Entro con cautela y lentitud al pensamiento de Simone Weil (París, 1909-Ashford, 1943), sin la pretensión de entenderlo a plenitud ni, mucho menos, de degradarlo con mis opiniones.
Ya su amigo Gustave Thibon dijo, en 1947, que “los escritos de Simone Weil pertenecen a esa categoría de las grandes obras que sólo pueden ser debilitadas y arruinadas por un comentario”. Y, aunque coincido con ella en que “la mano que sostiene la pluma, el cuerpo y el alma pegados a la mano, con todo su entorno social, son de una importancia infinitesimal para quienes aman la verdad, son infinitamente pequeños en el orden de la nada”, no consigo separar mi pensamiento de su mano, de su persona y de su entorno social, porque esa mujer, infinitamente pequeña, fue un micropunto de resistencia, pureza, pensamiento y vida radicales en los terribles años treinta y cuarenta del siglo pasado, y su ejemplo brilla aún, si bien muy aislado, en estos años nuestros de violencia y narcicismo potenciados. ¿Dónde está la gracia a la que aspiró Simone Weil?
Si algo distingue a Simone Weil es que a su pensamiento lo acompaña una vida ejemplar, pero no en el sentido heroico que daba Carlyle a sus hombres, o representativo, que daba Emerson a los suyos, sino en un sentido diminutivo, de asombroso desprendimiento del yo que llevó a Weil a querer ser “todos” y, después de todos, “nadie”: una operación de resta llevada a cabo a través de un ascetismo sin concesiones, hoy inconcebible.

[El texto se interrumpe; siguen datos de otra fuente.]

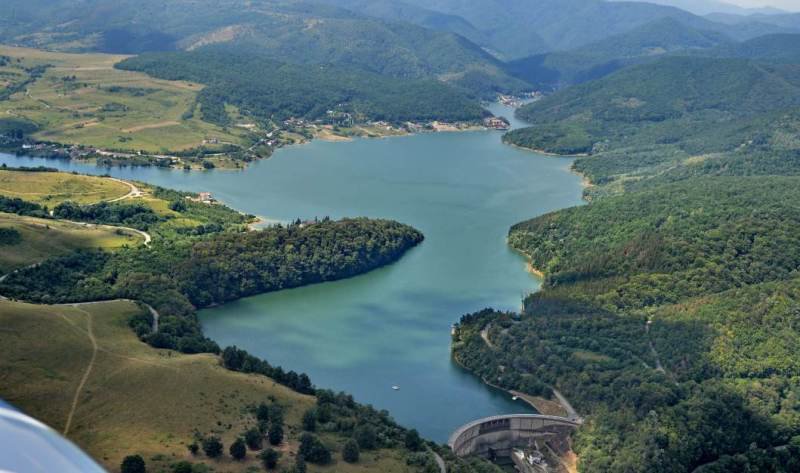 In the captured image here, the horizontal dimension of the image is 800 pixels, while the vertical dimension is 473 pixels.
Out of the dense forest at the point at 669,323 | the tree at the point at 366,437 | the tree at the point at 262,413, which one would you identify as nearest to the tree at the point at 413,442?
the tree at the point at 366,437

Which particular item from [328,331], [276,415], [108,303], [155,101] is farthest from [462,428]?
[155,101]

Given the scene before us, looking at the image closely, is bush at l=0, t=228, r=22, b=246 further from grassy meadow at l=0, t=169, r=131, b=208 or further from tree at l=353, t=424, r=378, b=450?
tree at l=353, t=424, r=378, b=450

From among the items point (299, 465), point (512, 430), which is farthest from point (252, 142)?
point (299, 465)

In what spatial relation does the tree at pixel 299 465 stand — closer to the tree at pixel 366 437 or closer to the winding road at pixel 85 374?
the tree at pixel 366 437

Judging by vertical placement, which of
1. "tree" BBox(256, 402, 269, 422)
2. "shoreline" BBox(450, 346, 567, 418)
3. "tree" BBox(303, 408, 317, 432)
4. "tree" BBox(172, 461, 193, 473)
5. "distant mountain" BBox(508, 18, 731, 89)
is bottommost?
"shoreline" BBox(450, 346, 567, 418)

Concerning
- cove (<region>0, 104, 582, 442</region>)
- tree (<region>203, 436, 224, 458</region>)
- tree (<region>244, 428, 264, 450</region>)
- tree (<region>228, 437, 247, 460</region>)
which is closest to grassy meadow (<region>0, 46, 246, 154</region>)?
cove (<region>0, 104, 582, 442</region>)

Sí, la maquinaria atroz del siglo XX la engulló, pero ella se entregó voluntariamente al sacrificio, en silencio, evadiendo todo aquello que se pareciera remotamente a lo que hoy llamamos, en tono traumático, “privilegio”. Si rastreamos su vida de atrás hacia adelante, descubriremos que en la raíz de su muerte se encuentra su negativa al privilegio de comer como ciudadano sin privaciones: dotada de una empatía absoluta, Weil, desde Londres, en 1942, sólo se alimentaba con lo correspondiente a los cupones de comida de sus compatriotas en la Francia ocupada, dieta que acabó con su —de por sí— frágil salud.
Así con todo: estudiante brillante de filosofía (ingresó a la Escuela Normal Superior de París con la calificación más alta, seguida por Simone de Beauvoir), fue maestra docente durante un tiempo, pero optó por el trabajo manual, que consideraba crucial para la purificación del espíritu: lo hizo como obrera en la fábrica de Renault y como piscadora de uvas en Marsella, en donde enseñaba aritmética a los campesinos que se dejaran, compartía su fascinación por los Upanishad a una joven incauta y daba cátedra sobre Platón a los patrones. Para ella, todos sus interlocutores eran dignos del más alto conocimiento. Su sueldo lo enviaba a las familias de los prisioneros de guerra. No perteneció a ningún partido ni signo político, salvo al de los oprimidos, de cuyo lado siempre estuvo para “mantener el equilibrio”. Esta idea es central en ella: “Si sabemos de qué lado pesa la balanza social, debemos hacer lo posible para añadirle peso al lado más ligero. Aunque el peso pueda ser algo malo, si lo tratamos con este motivo podemos tal vez evitar que nos corrompa. Pero debemos tener una concepción de equilibrio y estar siempre dispuestos a cambiar de lado, como la justicia, esa fugitiva del campamento de los vencedores”.
Ella optó por seguir a la justicia al campamento de los derrotados, sin vanagloria. Y desde ahí sigue iluminándonos.